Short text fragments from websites
-- Opening Marker --

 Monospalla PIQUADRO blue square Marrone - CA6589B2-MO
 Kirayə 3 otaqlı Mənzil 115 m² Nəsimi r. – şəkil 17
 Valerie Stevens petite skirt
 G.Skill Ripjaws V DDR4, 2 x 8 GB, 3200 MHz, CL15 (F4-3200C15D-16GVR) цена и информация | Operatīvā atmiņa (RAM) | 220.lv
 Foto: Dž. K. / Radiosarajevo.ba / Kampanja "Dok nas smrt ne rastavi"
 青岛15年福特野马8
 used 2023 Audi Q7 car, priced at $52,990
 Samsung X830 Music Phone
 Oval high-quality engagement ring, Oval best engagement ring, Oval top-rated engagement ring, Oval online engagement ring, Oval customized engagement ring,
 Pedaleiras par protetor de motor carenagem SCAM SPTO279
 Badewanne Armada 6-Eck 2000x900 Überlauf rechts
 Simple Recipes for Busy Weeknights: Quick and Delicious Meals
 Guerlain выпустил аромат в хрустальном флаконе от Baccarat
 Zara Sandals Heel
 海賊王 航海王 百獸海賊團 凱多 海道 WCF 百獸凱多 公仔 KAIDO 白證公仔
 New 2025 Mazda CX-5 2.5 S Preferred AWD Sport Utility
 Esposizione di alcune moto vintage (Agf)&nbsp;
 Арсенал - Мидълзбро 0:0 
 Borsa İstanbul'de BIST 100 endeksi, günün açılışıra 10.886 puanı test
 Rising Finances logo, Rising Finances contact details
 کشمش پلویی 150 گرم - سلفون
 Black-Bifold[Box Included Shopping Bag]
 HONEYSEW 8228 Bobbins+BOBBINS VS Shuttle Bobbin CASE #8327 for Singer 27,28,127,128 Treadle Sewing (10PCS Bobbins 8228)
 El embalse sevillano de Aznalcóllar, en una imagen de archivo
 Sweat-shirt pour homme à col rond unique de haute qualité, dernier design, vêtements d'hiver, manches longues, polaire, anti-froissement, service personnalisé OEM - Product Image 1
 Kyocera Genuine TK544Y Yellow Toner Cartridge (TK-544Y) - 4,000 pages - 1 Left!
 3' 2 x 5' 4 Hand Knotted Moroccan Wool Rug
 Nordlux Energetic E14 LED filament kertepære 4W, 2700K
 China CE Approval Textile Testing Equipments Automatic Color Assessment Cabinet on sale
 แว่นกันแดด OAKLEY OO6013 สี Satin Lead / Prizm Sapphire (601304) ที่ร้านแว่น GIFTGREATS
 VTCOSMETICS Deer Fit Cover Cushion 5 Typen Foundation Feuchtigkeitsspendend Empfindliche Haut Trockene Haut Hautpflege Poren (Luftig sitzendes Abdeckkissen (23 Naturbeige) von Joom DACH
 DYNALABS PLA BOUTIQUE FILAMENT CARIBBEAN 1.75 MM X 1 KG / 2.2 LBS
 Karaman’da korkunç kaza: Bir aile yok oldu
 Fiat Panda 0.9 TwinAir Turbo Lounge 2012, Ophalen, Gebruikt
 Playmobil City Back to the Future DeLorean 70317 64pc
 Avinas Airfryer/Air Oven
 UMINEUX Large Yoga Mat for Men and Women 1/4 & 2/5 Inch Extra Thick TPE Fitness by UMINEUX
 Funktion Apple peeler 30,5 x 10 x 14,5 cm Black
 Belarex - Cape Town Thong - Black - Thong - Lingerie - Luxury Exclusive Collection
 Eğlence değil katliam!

-- Closing Marker --

Problem requirements » Word for word, copy out the records.

Expected output »
 Monospalla PIQUADRO blue square Marrone - CA6589B2-MO
 Kirayə 3 otaqlı Mənzil 115 m² Nəsimi r. – şəkil 17
 Valerie Stevens petite skirt
 G.Skill Ripjaws V DDR4, 2 x 8 GB, 3200 MHz, CL15 (F4-3200C15D-16GVR) цена и информация | Operatīvā atmiņa (RAM) | 220.lv
 Foto: Dž. K. / Radiosarajevo.ba / Kampanja "Dok nas smrt ne rastavi"
 青岛15年福特野马8
 used 2023 Audi Q7 car, priced at $52,990
 Samsung X830 Music Phone
 Oval high-quality engagement ring, Oval best engagement ring, Oval top-rated engagement ring, Oval online engagement ring, Oval customized engagement ring,
 Pedaleiras par protetor de motor carenagem SCAM SPTO279
 Badewanne Armada 6-Eck 2000x900 Überlauf rechts
 Simple Recipes for Busy Weeknights: Quick and Delicious Meals
 Guerlain выпустил аромат в хрустальном флаконе от Baccarat
 Zara Sandals Heel
 海賊王 航海王 百獸海賊團 凱多 海道 WCF 百獸凱多 公仔 KAIDO 白證公仔
 New 2025 Mazda CX-5 2.5 S Preferred AWD Sport Utility
 Esposizione di alcune moto vintage (Agf)&nbsp;
 Арсенал - Мидълзбро 0:0 
 Borsa İstanbul'de BIST 100 endeksi, günün açılışıra 10.886 puanı test
 Rising Finances logo, Rising Finances contact details
 کشمش پلویی 150 گرم - سلفون
 Black-Bifold[Box Included Shopping Bag]
 HONEYSEW 8228 Bobbins+BOBBINS VS Shuttle Bobbin CASE #8327 for Singer 27,28,127,128 Treadle Sewing (10PCS Bobbins 8228)
 El embalse sevillano de Aznalcóllar, en una imagen de archivo
 Sweat-shirt pour homme à col rond unique de haute qualité, dernier design, vêtements d'hiver, manches longues, polaire, anti-froissement, service personnalisé OEM - Product Image 1
 Kyocera Genuine TK544Y Yellow Toner Cartridge (TK-544Y) - 4,000 pages - 1 Left!
 3' 2 x 5' 4 Hand Knotted Moroccan Wool Rug
 Nordlux Energetic E14 LED filament kertepære 4W, 2700K
 China CE Approval Textile Testing Equipments Automatic Color Assessment Cabinet on sale
 แว่นกันแดด OAKLEY OO6013 สี Satin Lead / Prizm Sapphire (601304) ที่ร้านแว่น GIFTGREATS
 VTCOSMETICS Deer Fit Cover Cushion 5 Typen Foundation Feuchtigkeitsspendend Empfindliche Haut Trockene Haut Hautpflege Poren (Luftig sitzendes Abdeckkissen (23 Naturbeige) von Joom DACH
 DYNALABS PLA BOUTIQUE FILAMENT CARIBBEAN 1.75 MM X 1 KG / 2.2 LBS
 Karaman’da korkunç kaza: Bir aile yok oldu
 Fiat Panda 0.9 TwinAir Turbo Lounge 2012, Ophalen, Gebruikt
 Playmobil City Back to the Future DeLorean 70317 64pc
 Avinas Airfryer/Air Oven
 UMINEUX Large Yoga Mat for Men and Women 1/4 & 2/5 Inch Extra Thick TPE Fitness by UMINEUX
 Funktion Apple peeler 30,5 x 10 x 14,5 cm Black
 Belarex - Cape Town Thong - Black - Thong - Lingerie - Luxury Exclusive Collection
 Eğlence değil katliam!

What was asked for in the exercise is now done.